Все «живчики» соскочили с лежанок и теперь ошалело оглядывались в поисках врага. Врага нигде не было, только замолкший, наконец, десятник. Ненадолго замолкший.

— Вот сюда смотрите! — велел он хриплым от недавнего крика голосом и поднял фонарь выше, так, чтобы круг света падал на мертвую змею. — Это Черная Шептунья. Или просто Шептунья. Вы все ни беса ни помните, так что подходите и запоминайте, как она выглядит. И имейте в виду — Шептуньи по одной не приходят, так что неподалеку их ползает целый выводок!

Солдаты протискивались ближе, смотрели на мертвое тело и удивленно переглядывались.

— Чем они опасны, эти Шептуньи? — спросил кто-то.

— Эти твари подкрадываются бесшумно, убивают ядом, а потом заглатывают человека целиком. И не смотрите, что она сейчас мелкая! — десятник повысил голос. — Это одна из тварей Хаоса! Заглотив человека, она принимает его вид. Может даже разговаривать. Вся разница, что Шептуньи не умеют кричать или петь. Разговаривают негромко, будто шепчут, отсюда и название. Шептуньи могут за пару месяцев уничтожить всех людей в городе среднего размера, а на такую деревню, как эта, им хватит недели.

Я тоже протиснулся к своей лежанке, изучая все детали внешности Шептуньи.

— Это ведь ты ее убил? — десятник смотрел сейчас прямо на меня.

— Да, — я попытался вспомнить, как полагалось обращаться к старшему по званию, но не смог.

— Как у тебя получилось?

Я пожал плечами.

— Услышал шелест и увидел тень. Взял у соседа его палку и, когда тень прыгнула, ударил.

— Что за палка? — потребовал десятник. — Впервые слышу, чтобы тварь Хаоса убили палкой.

Он где-то минуту разглядывал мое импровизированное оружие и нюхал его — в тех местах, где оно не было запачкано черной кровью.

— Осина, — сказал наконец. — Повезло тебе, парень. Просто сказочно повезло. Конечно, никто на Шептуний с осиновыми колами не выходит, но осину твари не любят, это точно. А вот то, что ты ее услышал, дивно. Шептуньи тем и страшны, что двигаются абсолютно бесшумно, даже собачий слух бесполезен.

Я только развел руками. Шелест действительно был тихим, но при этом отчетливым.

— Все запомнили, как она выглядит? — десятник вновь повысил голос, оглядывая растерянные лица вокруг. — Если чье-то поведение покажется вам подозрительным, попросите этого человека спеть хоть пару строчек любой песни. Шептуньи петь не умеют. А ты, парень, — десятник кивнул мне, — пойдем-ка, отведу тебя к старшим офицерам.
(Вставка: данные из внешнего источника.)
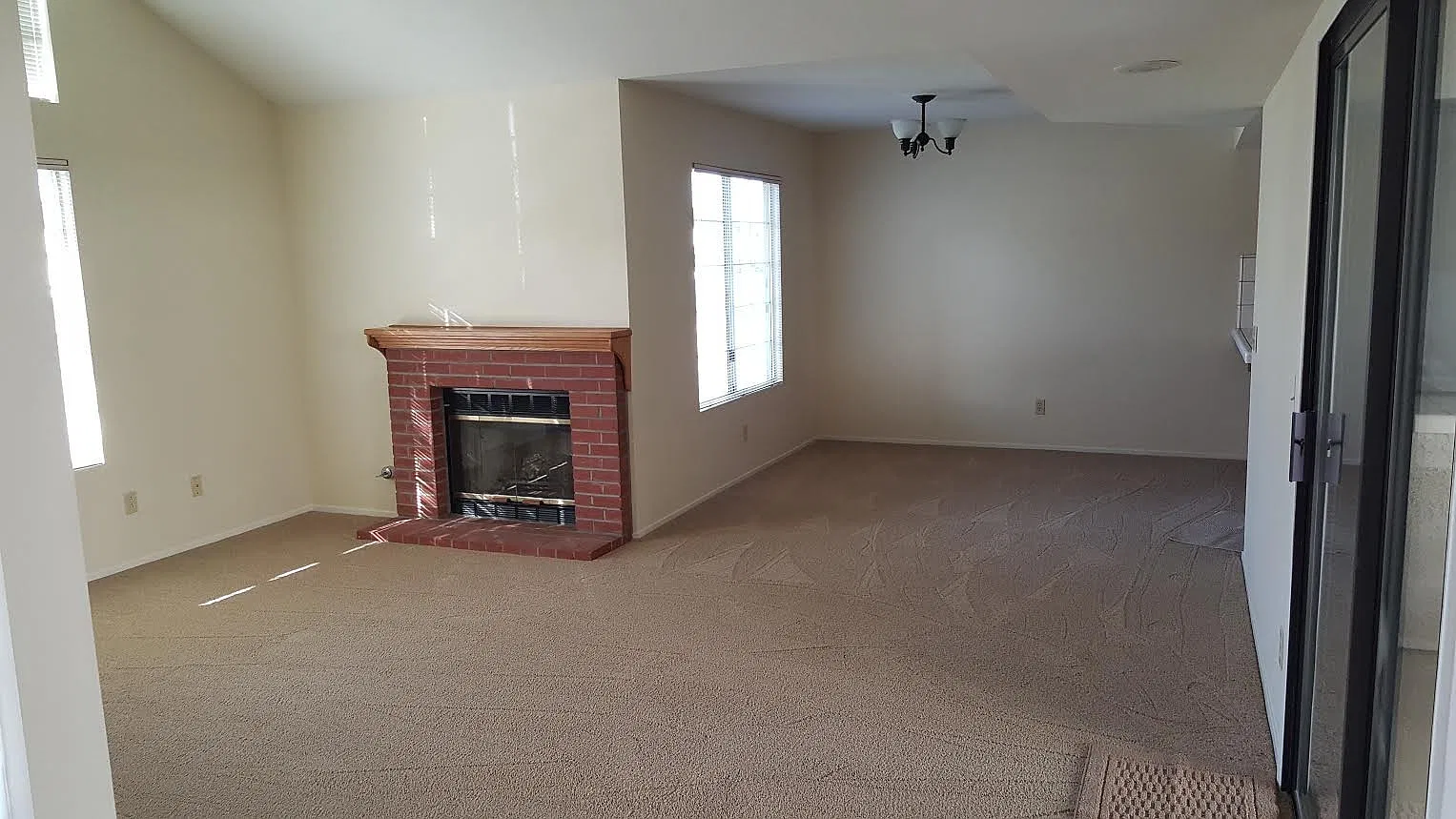 Well Maintained Orcutt Home located on corner lot of Cottages on the Green — Photo 3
Через час вся деревня гудела, как разбуженный улей, недовольно и испуганно. То там, то здесь я слышал нестройное пение. Похоже, проверить решили на всякий случай всех. Петь именно песню оказалось необязательно, да «живчики» песен и не помнили. Тянули кто во что горазд, кто-то бессвязные звуки, кто-то обычные слова, а кто-то даже пытался придумать куплеты сам.
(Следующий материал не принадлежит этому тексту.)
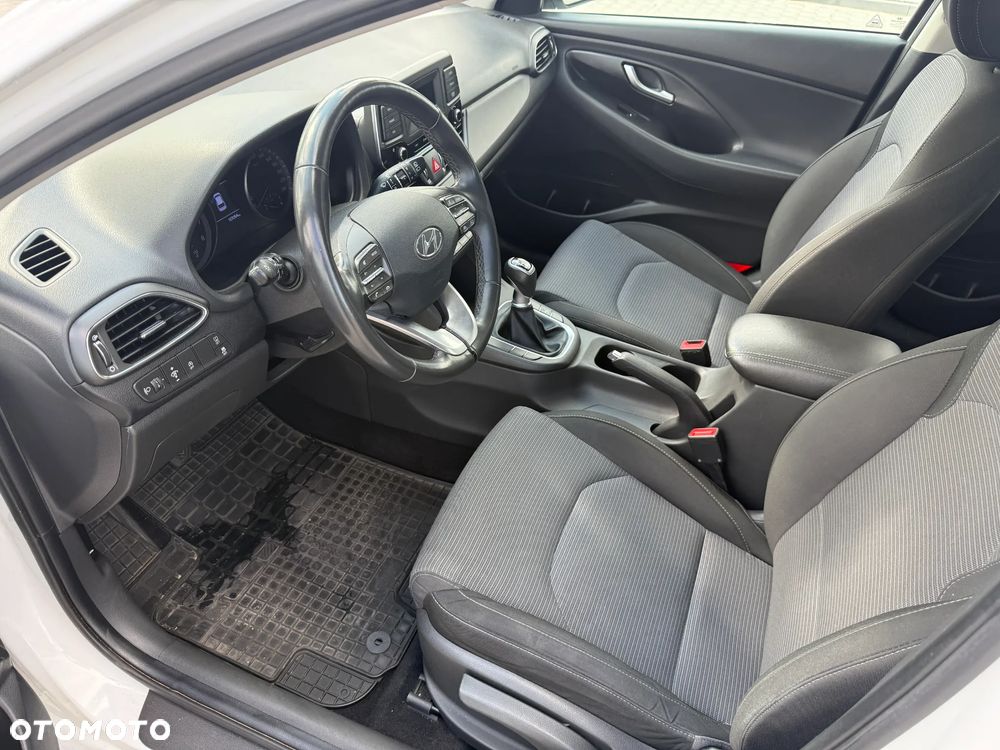 Hyundai i30 1.5 DPI Classic + - 7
Я к этому времени уже охрип — ко мне постоянно подходили все новые и новые офицеры, чьи лица я не успевал запомнить, и требовали вновь и вновь рассказать в подробностях о том, как я убил Шептунью. Ни своего ранга, ни имени офицеры не называли. Я, впрочем, и не спрашивал, каждый раз надеясь, что после очередных расспросов меня все же отпустят досыпать. Увы, не отпускали. Появлялись все новые любопытные, и все как один из благородных, так что послать их подальше и уйти сам я не мог.

— Таких, как ты, на границе называют Слухачами, — сказал мне последний из офицеров. — Слухачи умеют чувствовать приближение тварей Хаоса. Это редкая способность, и там, на границе, они ценятся очень высоко. За несколько лет службы ты мог бы сколотить целое состояние.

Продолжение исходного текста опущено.